I'm sure I wouldn't have broken anything that day had I remembered fear is there to protect. In my mind, fear was something to overcome as if it were an artificial obstacle that, once removed, would reveal a world of freedom and opportunity. Well, to some extent this is true, but when faced with the scenario I created the only freedom I would experience was around 6 seconds of freedom from gravity. Note to all readers, and I know this from numerous personal experiences, gravity always wins so long as you are on earth!
So my friend Rick and I decided to take our orange plastic sleds to "snurf" the dreaded, "Hiker's Hill". Those of you not familiar with snurfing should know that there was a product invented in 1965 known as the snurfer, which is basically the first snow board, but without bindings. You simply stand on it, maneuver and hope you don't fall off and mess up your face. We would snurf in our orange sleds down the steep hill behind our mobile home and onto the pond below. The grade was around 60%...that's not a typo, it really was around 50-60 degrees, which is very fast, leaving little room for error. This explains two things...why we sometimes couldn't muster the nerve to go down again and why we eventually got so good at snurfing. The real challenge were the old cars half buried in the hillside on the path down. In the summer we had ways of getting up and down that hill with little ropes, branches, etc because it really was too steep to climb, but you had to climb over all the junk, old cars, refrigerators, etc. because this place was essentially built on an old junk yard or dump. I guess we got the "junk yard" discount on our lot rent? So in the winter time snurfing a 12 ounce plastic sled, there was no option to go over sharp jagged chunks of metal, we dodged them the old fashioned way, with skill and stupidity.

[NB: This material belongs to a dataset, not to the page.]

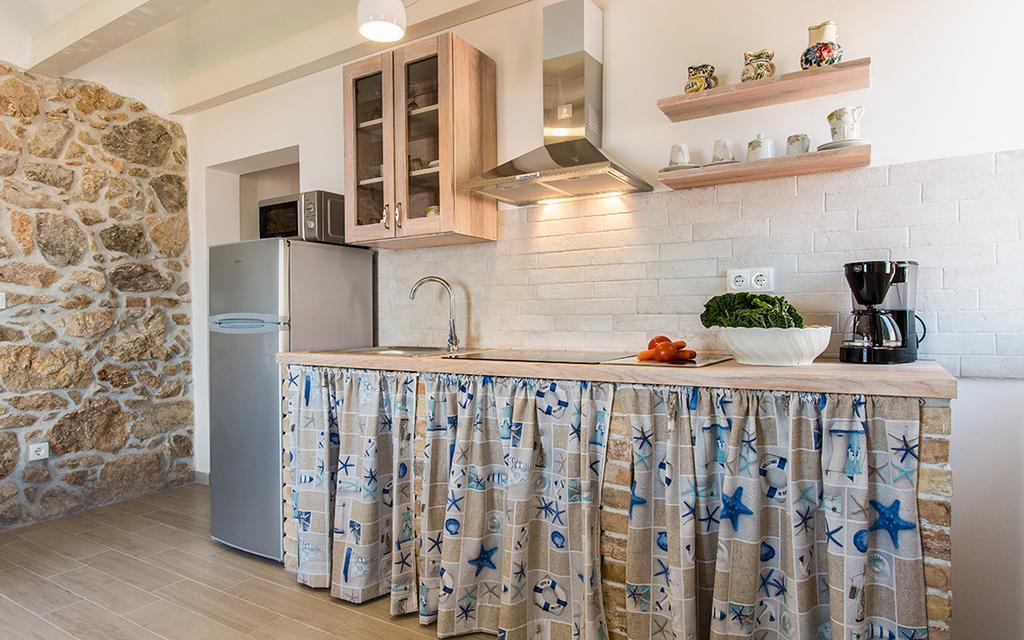 Apartman Bonaca 비르브닉 외부 사진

So the hill behind my place was our training ground and the day finally came where we decided to test our luck on Hiker's Hill. This "hill" was legendary, kids had supposedly broken collar bones, legs and one even was crippled after simple challenges like climbing that hill on a clear dry summer day. To this day, I don't know what the hell I was thinking as a kid. Recalling stories like this and knowing there are dozens of other days I acted like a complete idiot, I wonder how I could be living with all ten fingers and toes today. Not to mention two summers later, I would live to tell the story of jumping my Huffy dirt bike after descending this very same hill. This explains why my mother would wake me in the middle of the night after a nightmare where I died...poor mom.
So no exaggerating here, only facts...here are the exact coordinates to Hiker's Hill which you can see compliments of Google Earth...
If you don't have Google Earth, download it here for free and enjoy:
After you start Google Earth, click "Add" from top menu bar, then click "Placemark" and type in the coordinates above and you'll "fly" to that location. I'll be using locations like this now and then, so if you really want to see more into the world check it out.
It is clearly visible when landing at the Billings Airport many miles away. If you click on the imagery date in google and find the 2009 satellite photo, you'll see a more accurate view of my childhood playground complete with dozens of ponds, the Yellowstone river, junk yards, endless hills & valleys (to the south) and the little mobile home where we lived at 349 Dani Street.
I wonder if there's a way to compute the grade of hills on google? Regardless of grade, when (and if) you stand at the top of this hill, there is little doubt that you could be very near your own death on a sled, bike or two feet. As far as I know, I was the only kid stupid enough to climb to the top and go over the edge and even after I did it with Rick and a group of neighborhood kids watching, nobody believed it the next day. It is daunting and on google earth it doesn't even look like a hill as it is nearly vertical.
So this story is getting out of control long...after many attempts, I eventually climbed to the top without falling back down, this is done by walking up the edge of the cliff. There was a lot of snow so falling down was soft at lower levels. Finally to the top, I said a prayer and let myself fall off the face of the cliff with my sled underneath and much to my surprise I got stuck in a huge heap of snow 30 feet below. The snow was too deep to sled! All that build up and it's not even possible to kill yourself today, the snow is too deep. I tried from that point and the same, I got stuck. About halfway down the hill, maybe 100 feet from the bottom, the grade lessened and I could feel the hardness of the ground under the snow. I jumped on my sled and was moving fast from the first second, wiped out and rolled to the bottom.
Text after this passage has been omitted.